Chad: Remember back in June, when it was briefly rumored that UFC 174 did fewer than 100,000 pay-per-view buys and the most devout among us heralded it as a sign of the impending apocalypse? A later report from Yahoo’s Kevin Iole purported the number to be around 125,000, but either way it meant the event was the UFC’s worst-selling PPV since the advent of The Ultimate Fighter.
Enter UFC 177 which, objectively speaking, looks much, much worse.
UFC 174 had kind of a dud for a main event, pitting the awesome but unappreciated Demetrious Johnson against the awesome and unknown Ali Bagautinov, but at least it had help from the undercard. At least Rory MacDonald and Tyron Woodley were there to provide a reasonably interesting welterweight contender bout. At least it had the return of Andrei Arlovski and future “main eventers” Ryan Bader and Ovince St. Preux.
By comparison, UFC 177 has what could turn out to be a reasonably competitive (but wholly unnecessary) bantamweight title rematch between TJ Dillashaw and Renan Barao and…wait...hold on, here...let me check...yep, that’s pretty much it.

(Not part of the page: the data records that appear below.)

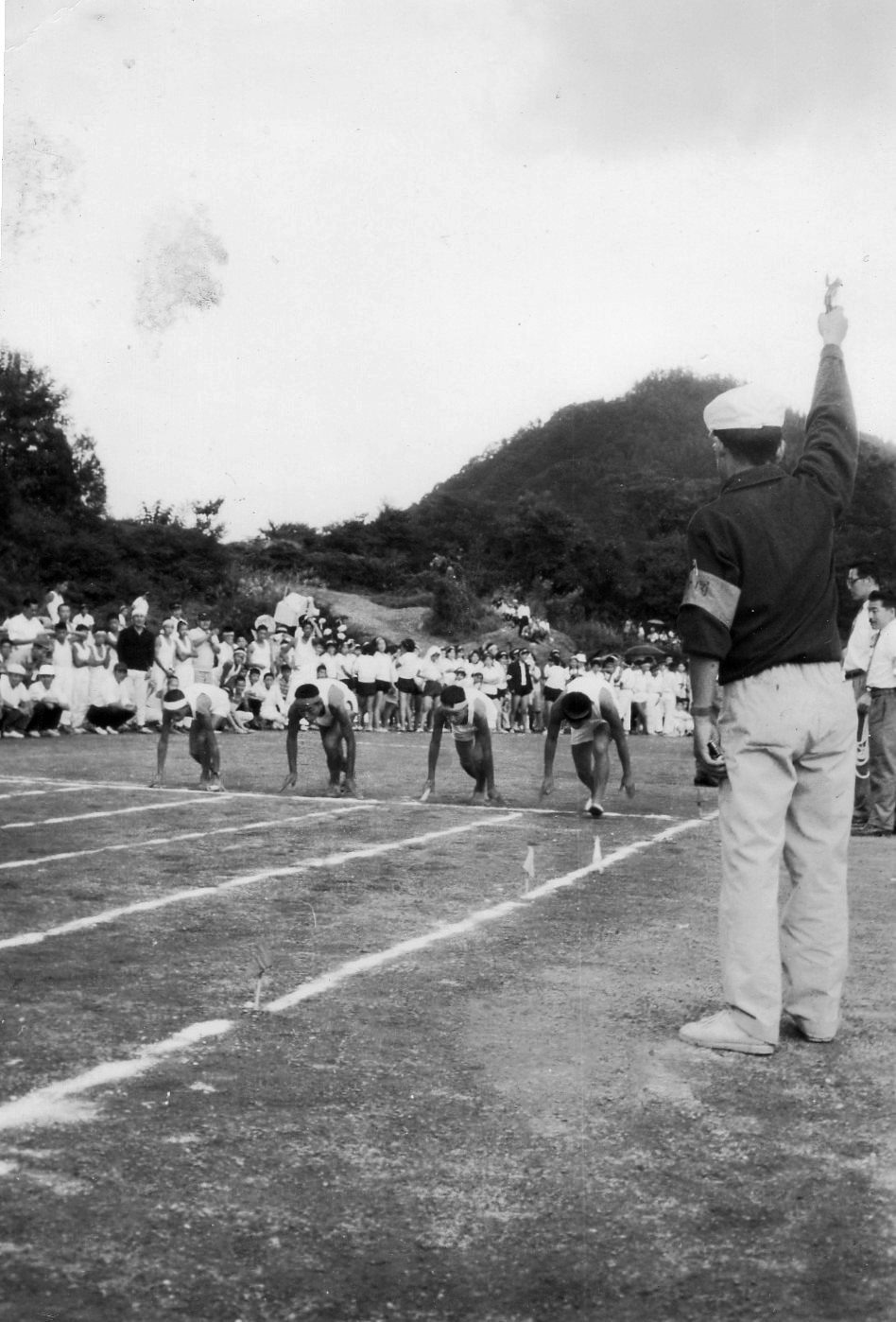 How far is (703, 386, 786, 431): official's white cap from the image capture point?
5391mm

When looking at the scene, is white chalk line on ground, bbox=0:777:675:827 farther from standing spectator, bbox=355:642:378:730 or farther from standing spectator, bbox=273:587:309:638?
standing spectator, bbox=273:587:309:638

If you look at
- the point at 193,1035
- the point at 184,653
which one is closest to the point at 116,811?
the point at 193,1035

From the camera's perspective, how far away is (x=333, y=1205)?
362 centimetres

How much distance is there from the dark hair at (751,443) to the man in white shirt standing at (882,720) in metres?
7.14

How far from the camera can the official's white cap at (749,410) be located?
5.39 m

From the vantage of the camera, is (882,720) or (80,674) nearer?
(882,720)

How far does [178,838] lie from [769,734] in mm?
6233

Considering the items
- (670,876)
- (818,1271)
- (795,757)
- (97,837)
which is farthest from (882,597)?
(818,1271)

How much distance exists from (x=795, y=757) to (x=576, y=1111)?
153cm

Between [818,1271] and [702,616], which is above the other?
[702,616]

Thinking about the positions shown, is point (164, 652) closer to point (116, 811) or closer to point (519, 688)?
point (519, 688)

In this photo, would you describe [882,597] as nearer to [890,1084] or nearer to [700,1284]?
[890,1084]

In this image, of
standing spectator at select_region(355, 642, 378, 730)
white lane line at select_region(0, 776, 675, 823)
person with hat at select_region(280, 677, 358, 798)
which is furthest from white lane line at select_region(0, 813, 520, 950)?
standing spectator at select_region(355, 642, 378, 730)

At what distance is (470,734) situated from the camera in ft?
45.1
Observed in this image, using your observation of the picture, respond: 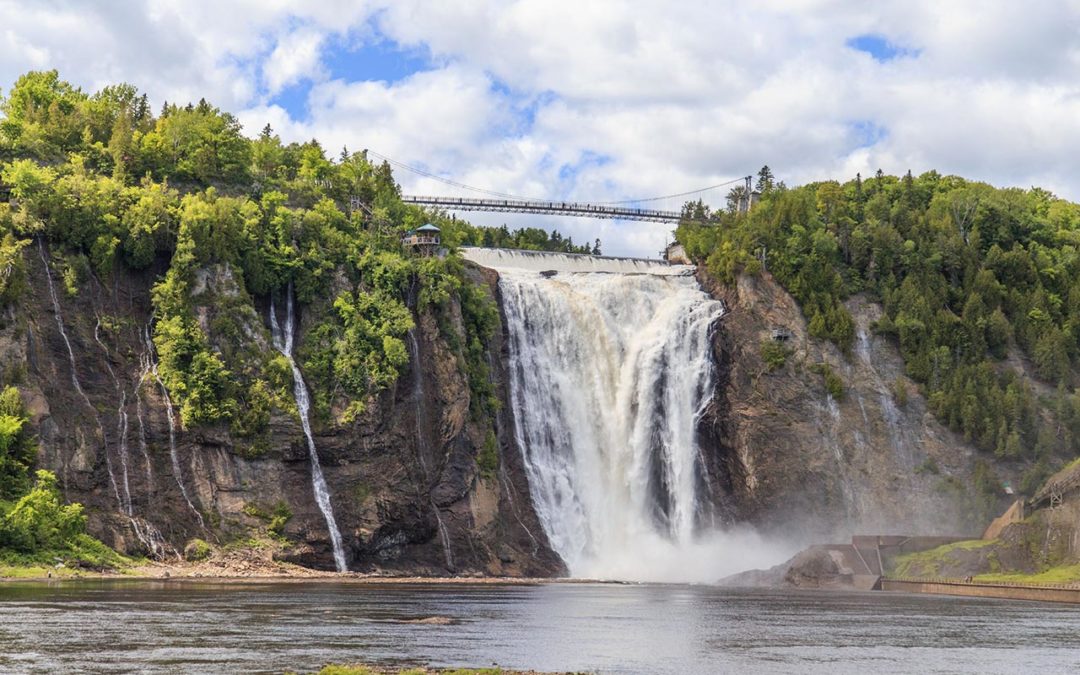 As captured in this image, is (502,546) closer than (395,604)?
No

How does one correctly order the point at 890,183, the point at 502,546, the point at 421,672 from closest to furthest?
the point at 421,672 → the point at 502,546 → the point at 890,183

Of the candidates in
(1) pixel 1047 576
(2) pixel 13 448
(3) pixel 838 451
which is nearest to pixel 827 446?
(3) pixel 838 451

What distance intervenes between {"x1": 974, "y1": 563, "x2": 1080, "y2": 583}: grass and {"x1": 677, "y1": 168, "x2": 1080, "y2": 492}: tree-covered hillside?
2126 cm

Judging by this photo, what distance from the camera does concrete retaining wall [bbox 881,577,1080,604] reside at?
353ft

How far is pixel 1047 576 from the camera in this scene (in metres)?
112

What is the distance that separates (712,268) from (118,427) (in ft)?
220

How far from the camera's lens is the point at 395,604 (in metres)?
84.6

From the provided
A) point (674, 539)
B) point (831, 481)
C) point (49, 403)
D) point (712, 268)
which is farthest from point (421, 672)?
point (712, 268)

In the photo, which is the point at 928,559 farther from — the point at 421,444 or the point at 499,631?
the point at 499,631

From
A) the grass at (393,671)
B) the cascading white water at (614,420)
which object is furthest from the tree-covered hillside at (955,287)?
the grass at (393,671)

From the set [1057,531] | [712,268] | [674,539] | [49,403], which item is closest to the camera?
[49,403]

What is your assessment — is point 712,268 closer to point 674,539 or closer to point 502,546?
point 674,539

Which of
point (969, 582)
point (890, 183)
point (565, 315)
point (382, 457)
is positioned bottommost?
point (969, 582)

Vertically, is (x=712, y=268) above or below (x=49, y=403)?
above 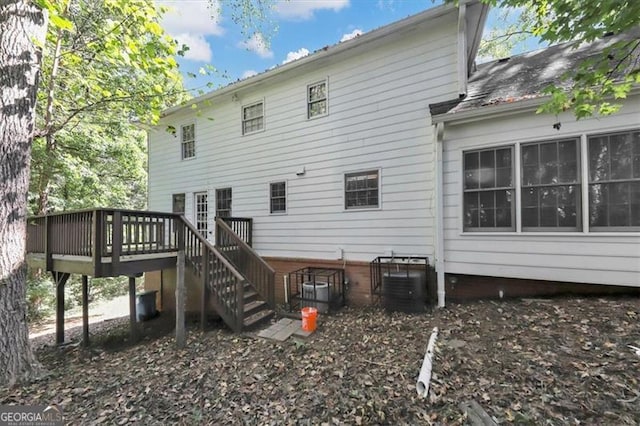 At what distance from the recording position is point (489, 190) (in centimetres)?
519

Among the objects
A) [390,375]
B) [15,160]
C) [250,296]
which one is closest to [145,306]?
[250,296]

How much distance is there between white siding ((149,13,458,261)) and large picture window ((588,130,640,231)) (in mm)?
2515

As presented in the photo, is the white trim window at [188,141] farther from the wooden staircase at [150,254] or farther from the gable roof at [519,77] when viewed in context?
the gable roof at [519,77]

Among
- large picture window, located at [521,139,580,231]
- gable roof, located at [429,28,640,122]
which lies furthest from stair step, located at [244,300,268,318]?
large picture window, located at [521,139,580,231]

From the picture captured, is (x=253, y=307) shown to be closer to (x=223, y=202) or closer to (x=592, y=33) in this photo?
(x=223, y=202)

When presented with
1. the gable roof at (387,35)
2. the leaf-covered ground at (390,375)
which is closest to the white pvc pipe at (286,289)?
the leaf-covered ground at (390,375)

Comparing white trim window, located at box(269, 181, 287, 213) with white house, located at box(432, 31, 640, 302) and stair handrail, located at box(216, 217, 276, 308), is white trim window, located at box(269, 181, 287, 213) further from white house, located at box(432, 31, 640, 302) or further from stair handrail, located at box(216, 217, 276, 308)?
white house, located at box(432, 31, 640, 302)

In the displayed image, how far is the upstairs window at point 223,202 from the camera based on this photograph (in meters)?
9.21

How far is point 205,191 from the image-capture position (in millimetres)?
9734

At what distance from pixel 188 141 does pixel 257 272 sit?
6.51 m

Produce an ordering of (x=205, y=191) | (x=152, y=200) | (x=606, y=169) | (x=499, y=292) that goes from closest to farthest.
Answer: (x=606, y=169)
(x=499, y=292)
(x=205, y=191)
(x=152, y=200)

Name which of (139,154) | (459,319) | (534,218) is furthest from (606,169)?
(139,154)

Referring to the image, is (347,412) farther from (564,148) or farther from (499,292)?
(564,148)

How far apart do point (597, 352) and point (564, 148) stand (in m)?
3.26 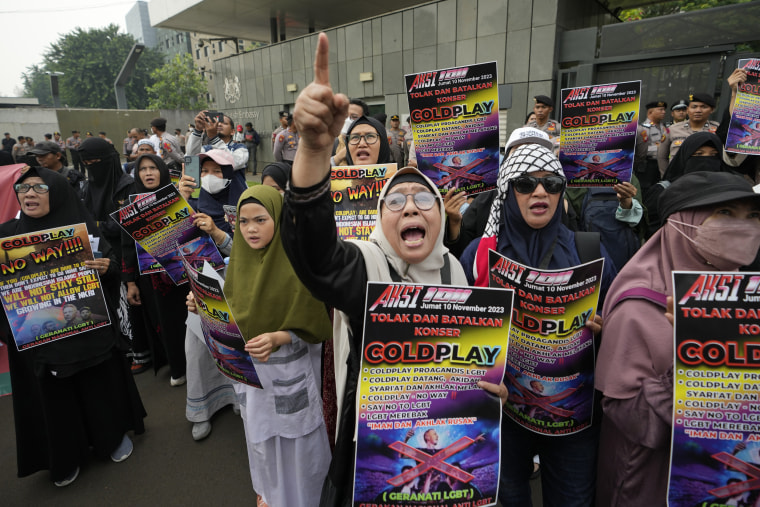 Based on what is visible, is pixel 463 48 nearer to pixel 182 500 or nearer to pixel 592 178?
pixel 592 178

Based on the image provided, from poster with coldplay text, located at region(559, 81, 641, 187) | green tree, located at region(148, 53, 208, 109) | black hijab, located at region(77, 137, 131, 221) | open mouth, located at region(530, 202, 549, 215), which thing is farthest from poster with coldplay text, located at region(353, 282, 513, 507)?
green tree, located at region(148, 53, 208, 109)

I mean, there’s nothing wrong with Tony Ferguson vs. Danny Castillo or Bethe Correia vs. Shayna Baszler, per se, but those bouts aren't going to make anybody plunk down $60 (after fees and whatnot) to watch.

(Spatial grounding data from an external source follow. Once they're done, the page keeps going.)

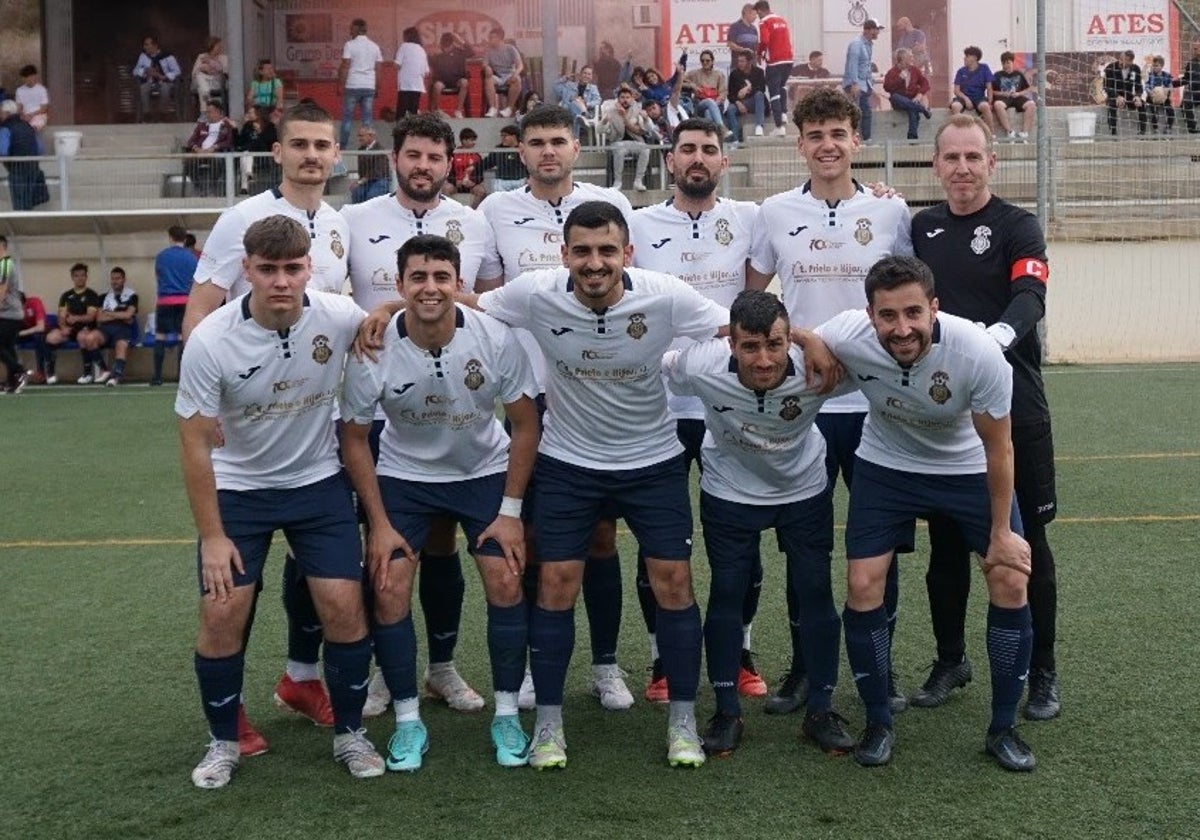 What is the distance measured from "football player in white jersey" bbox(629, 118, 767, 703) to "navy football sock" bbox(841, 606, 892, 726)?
2.46ft

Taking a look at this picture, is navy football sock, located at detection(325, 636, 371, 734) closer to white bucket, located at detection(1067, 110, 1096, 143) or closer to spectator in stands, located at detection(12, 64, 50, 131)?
white bucket, located at detection(1067, 110, 1096, 143)

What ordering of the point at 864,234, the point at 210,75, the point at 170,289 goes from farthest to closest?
the point at 210,75
the point at 170,289
the point at 864,234

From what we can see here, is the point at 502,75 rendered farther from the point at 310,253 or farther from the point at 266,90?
the point at 310,253

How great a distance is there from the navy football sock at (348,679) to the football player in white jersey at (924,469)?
5.42 feet

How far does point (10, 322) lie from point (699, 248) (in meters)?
14.7

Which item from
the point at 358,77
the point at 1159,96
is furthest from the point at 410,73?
the point at 1159,96

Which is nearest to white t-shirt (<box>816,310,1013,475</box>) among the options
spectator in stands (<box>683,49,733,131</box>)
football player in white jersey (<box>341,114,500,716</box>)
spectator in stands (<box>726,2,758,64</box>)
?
football player in white jersey (<box>341,114,500,716</box>)

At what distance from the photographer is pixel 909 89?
76.0 ft

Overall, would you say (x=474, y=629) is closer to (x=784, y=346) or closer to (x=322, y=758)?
(x=322, y=758)

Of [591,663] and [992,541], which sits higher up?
[992,541]

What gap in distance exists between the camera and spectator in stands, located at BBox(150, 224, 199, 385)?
1886cm

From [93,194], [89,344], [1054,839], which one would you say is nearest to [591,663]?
[1054,839]

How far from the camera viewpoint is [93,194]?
20.5 metres

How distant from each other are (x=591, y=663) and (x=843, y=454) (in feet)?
4.52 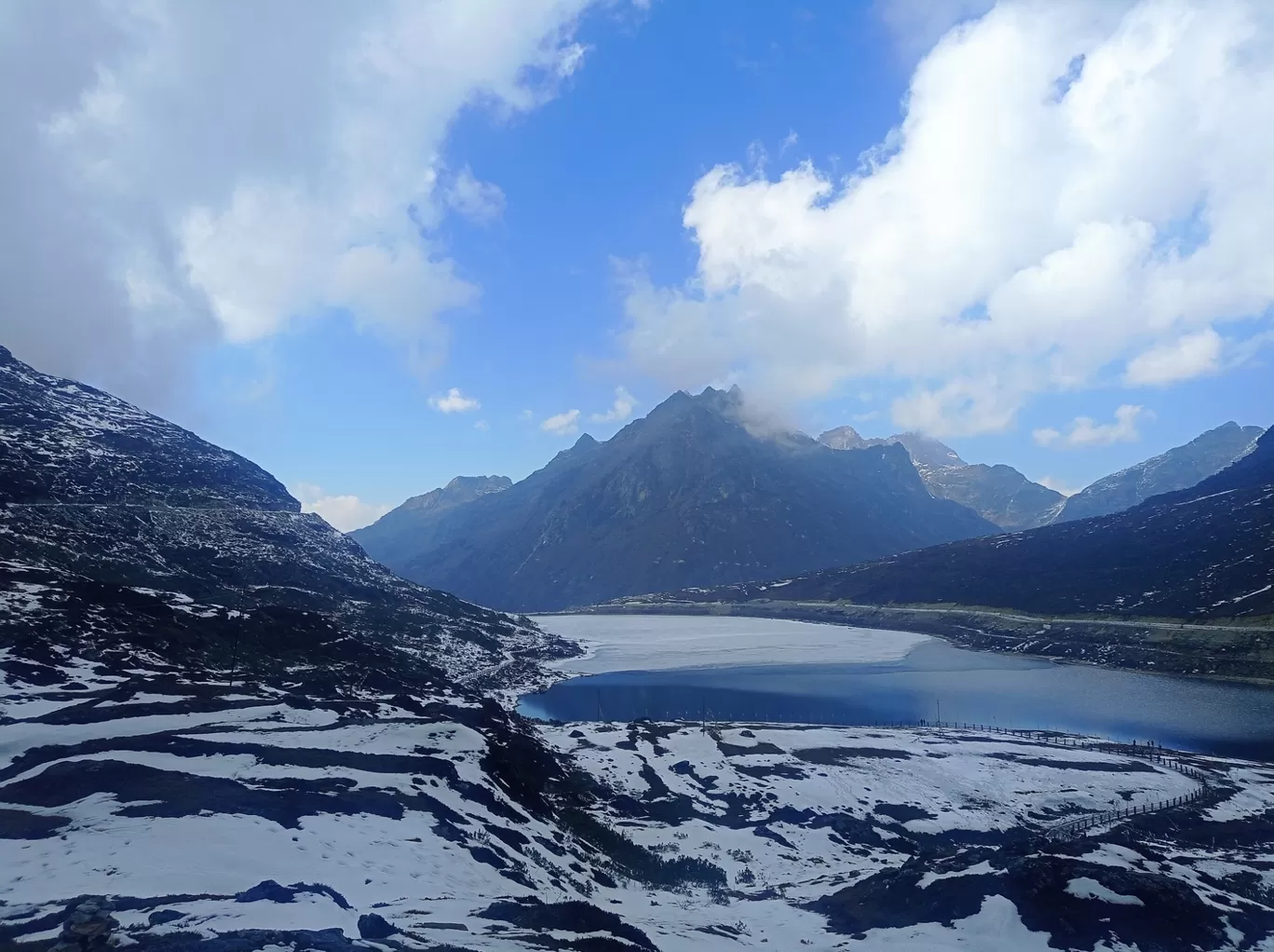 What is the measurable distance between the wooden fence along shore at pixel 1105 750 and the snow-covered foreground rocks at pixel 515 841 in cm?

Because of the tepid public response to Dillashaw-Barao II—and since we’re doing predictions, I’ll just go ahead and say Tylor Jeffery wins again—and its very weak supporting cast, this show will founder, falling short of even the modest mark set by UFC 174.
What say you, Jonathan? Will this bad boy get to 100,000 buys?
Jonathan: I've jumped into the deep end, exploring this issue in gruesome detail. The abbreviated version, however, is simple enough. This show is lousy.
The main event features a rematch no one demanded, between two fighters only the most ardent fans have ever heard of. Dillashaw was a non-entity before upsetting Barao, the champion by default after Dominick Cruz's body began to self destruct.
Sometimes a card can survive a dud on top, if it's carefully propped up by a solid main card. That isn't the case here. Danny Castillo, the poor man's Joe Benavidez, is maybe the fifth-most popular fighter at Team Alpha Male. His opponent, Tony Ferguson, is the forgotten TUF winner, a fighter with potential and nothing more.
From there it just gets worse. Will it slip beneath 100,000 buys? I think that's a distinct possibility, even if the UFC trots out a friendly journalist to report otherwise. This is a show that would struggle to stand out on Fox Sports 1. It certainly doesn't belong on pay-per-view.